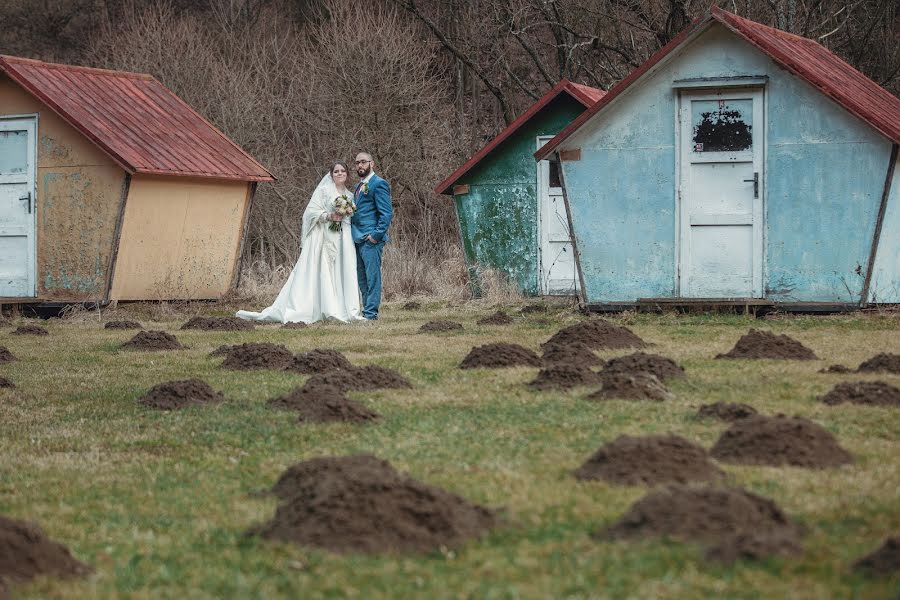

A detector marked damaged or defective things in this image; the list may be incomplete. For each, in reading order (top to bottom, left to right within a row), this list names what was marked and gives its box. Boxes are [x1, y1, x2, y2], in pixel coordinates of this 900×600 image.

rusty corrugated roof [0, 55, 274, 182]
rusty corrugated roof [436, 79, 604, 195]
rusty corrugated roof [536, 9, 896, 159]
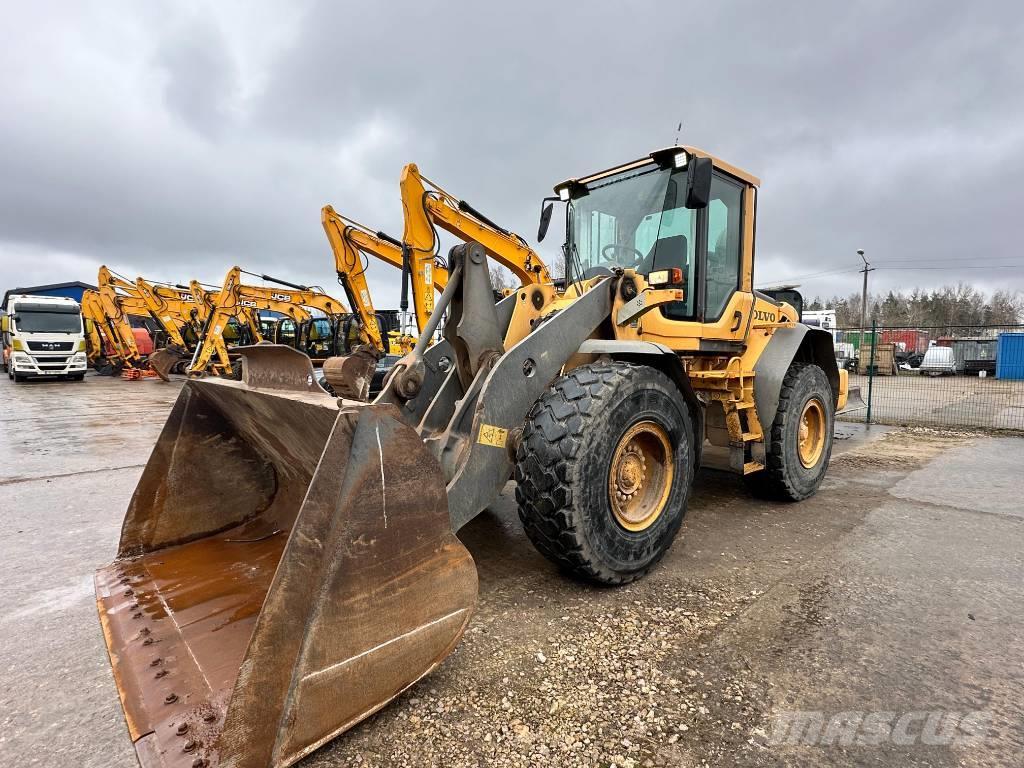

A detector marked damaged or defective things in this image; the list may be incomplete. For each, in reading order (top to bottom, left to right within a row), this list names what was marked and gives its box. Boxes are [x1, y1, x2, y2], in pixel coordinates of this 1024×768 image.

rusty bucket [94, 348, 477, 768]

- [Exercise brief] Type the material out again exactly. Skip the pictures.

- [Answer to the exercise]
A detector marked damaged or defective things in this image; the list may be incomplete. For each, in reading order (top to bottom, left to right within a row), this list names what was marked and gives its box. Boxes are [x1, y1, x2, y2], in pixel coordinates of this 900×600 image.

rusty corrugated roof [0, 55, 274, 182]
rusty corrugated roof [436, 79, 604, 195]
rusty corrugated roof [536, 9, 896, 159]

A detector marked damaged or defective things in this image; the list may be incomplete. For each, in reading order (top to bottom, left to right within a row), this list names what was marked and gives its box. Boxes are [x1, y1, x2, y2], in pixel coordinates of this 1024×768 image.

rusty bucket [94, 348, 477, 768]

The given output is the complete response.